:: Action item ::
Exact copy, no pictures: every line from the one that contains "Hey, what's up" through the end of the data below, and nothing else.

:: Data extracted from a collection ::
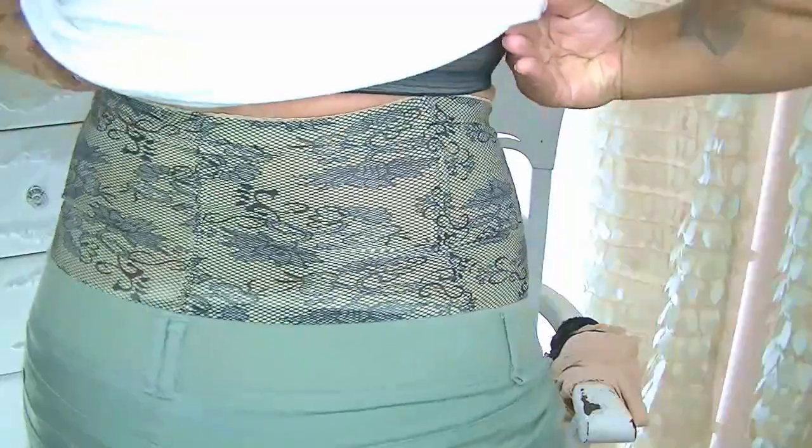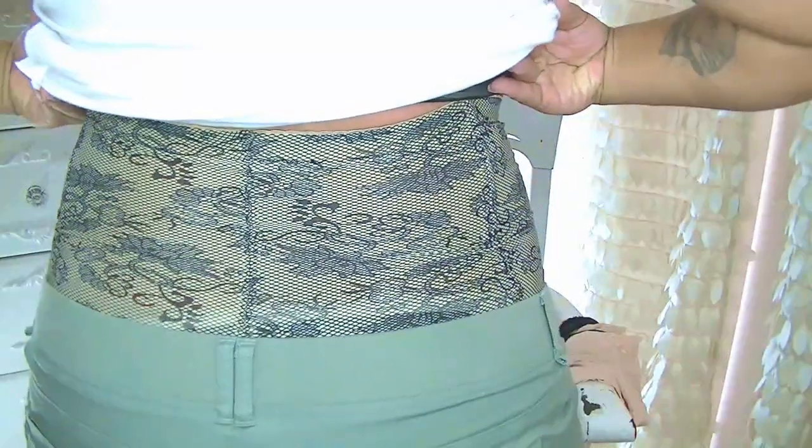My stomach area is much smaller with the tummy cincher on, and it does go up to the back area. I like this one a lot. I did purchase another one from them as well. For garments that are going to hold you in and push your girls up, really inexpensive — you can check them out.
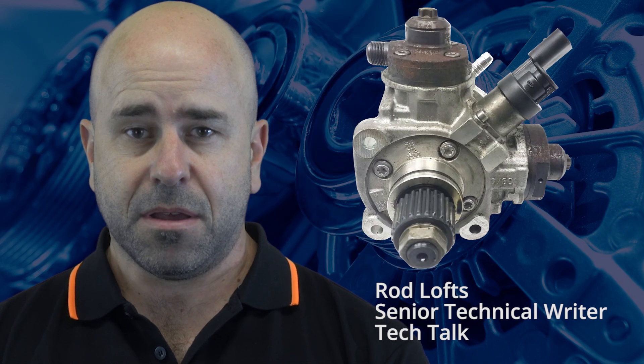VACC's Technical Advisory Service is starting to receive calls about the removal and replacement procedures for the high-pressure injector pump on the VW and Audi turbo diesel V6 engines from 2010 onwards. This is due to the differences in design from the earlier engines, and if the correct procedure is not followed, it can quickly turn into an engine out and apart job.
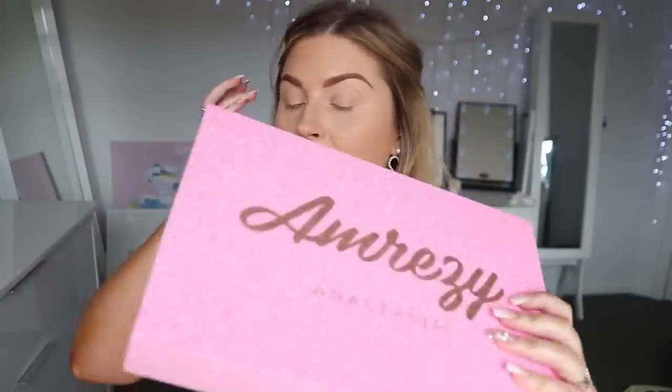Hello everyone, I'm so hyped for this video. I saw this come in the mail and I couldn't even wait to do a PR unboxing - I just had to open it immediately and film with it. Today we have the Amreezy palette by Anastasia Beverly Hills, and if you've been watching my videos for years you may remember that the original Amreezy palette was my holy grail.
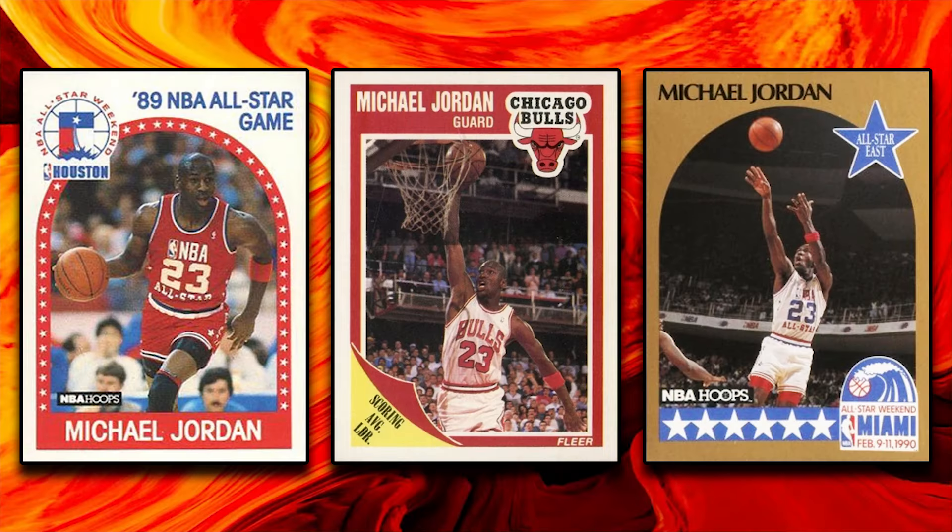Hey, what's up guys, Steve here. Today we're going to take a look at the 50 highest-selling 1987 through 1994 Michael Jordan basketball cards from the Fanatics weekly auction that ended on September 1st.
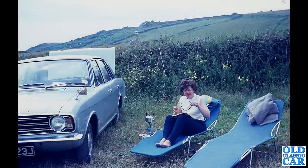That's a colour slide now. There's a couple on recliners with a bit of a tea session going on and a camping stove set up next to a J-reg Ford Cortina Mark II four-door saloon. I remember recliners like that back in the 1970s.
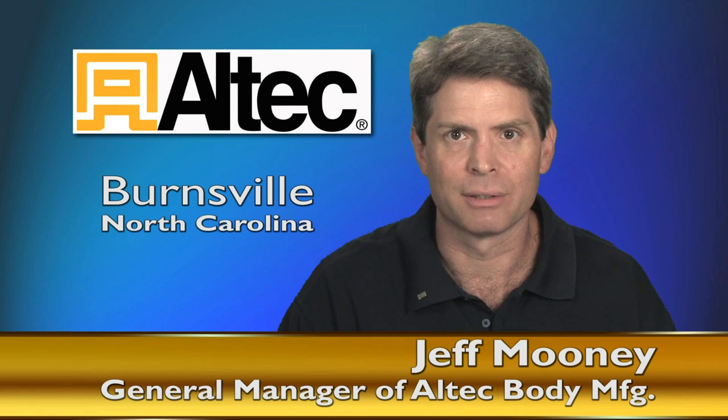Hi, I'm Jeff Mooney, General Manager of Altec's Body Plant in Burnsville, North Carolina, and I'd like to talk to you about what Prima Power equipment has done for our operation.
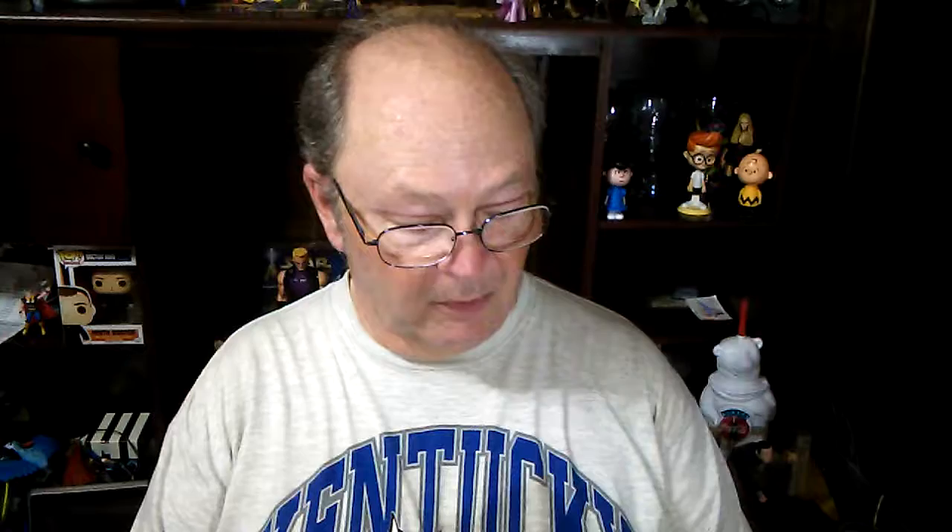The first item in the series is something that's been on TV a number of times. It reduces night driving glare and eye strain — the HD vision night vision glasses. They fit over prescription glasses, wrap-around vision, and they look like that. I've had these on and I've been driving in them. And to a degree, they're okay. But this is what I look like wearing them.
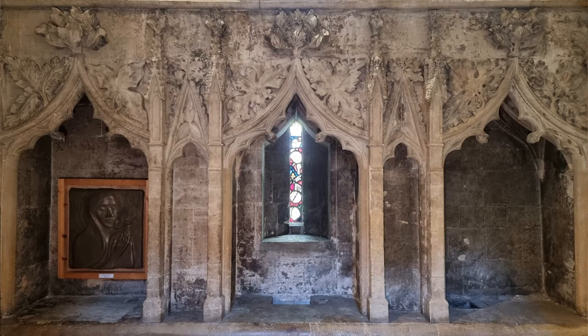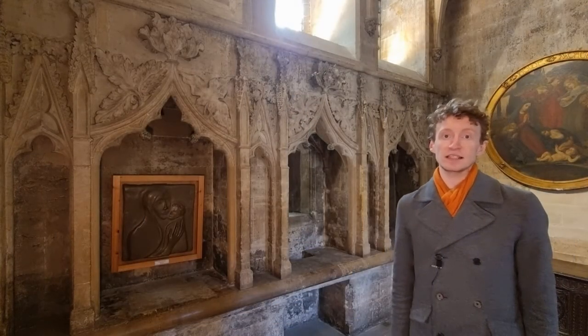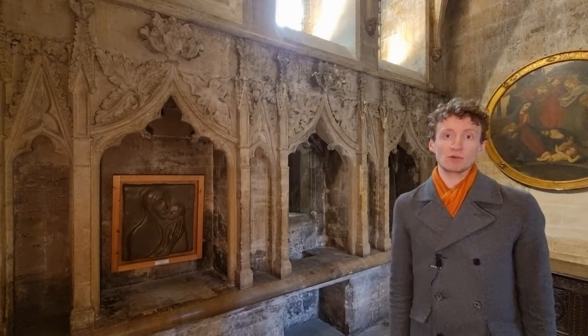The space is so teeny that I can't actually show it all to you while I'm standing in it. It's known as the Barclay Vestibule because it serves no real function except as a passageway from the cathedral behind me to the Barclay Chapel below. It's believed, however, that it used to be used as a sacristy — the space where the clergy would prepare for the Mass.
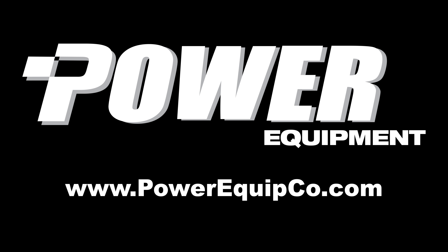As far as maneuverability in tight spaces, it's been great. I would recommend it to any company that does any kind of digging — tight spaces, wide open. Komatsu is a great machine.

:: Result for this task ::
Hey, what's up guys, Steve here. Today we're going to take a look at the 50 highest-selling 1987 through 1994 Michael Jordan basketball cards from the Fanatics weekly auction that ended on September 1st.
That's a colour slide now. There's a couple on recliners with a bit of a tea session going on and a camping stove set up next to a J-reg Ford Cortina Mark II four-door saloon. I remember recliners like that back in the 1970s.
Hi, I'm Jeff Mooney, General Manager of Altec's Body Plant in Burnsville, North Carolina, and I'd like to talk to you about what Prima Power equipment has done for our operation.
The first item in the series is something that's been on TV a number of times. It reduces night driving glare and eye strain — the HD vision night vision glasses. They fit over prescription glasses, wrap-around vision, and they look like that. I've had these on and I've been driving in them. And to a degree, they're okay. But this is what I look like wearing them.
The space is so teeny that I can't actually show it all to you while I'm standing in it. It's known as the Barclay Vestibule because it serves no real function except as a passageway from the cathedral behind me to the Barclay Chapel below. It's believed, however, that it used to be used as a sacristy — the space where the clergy would prepare for the Mass.
As far as maneuverability in tight spaces, it's been great. I would recommend it to any company that does any kind of digging — tight spaces, wide open. Komatsu is a great machine.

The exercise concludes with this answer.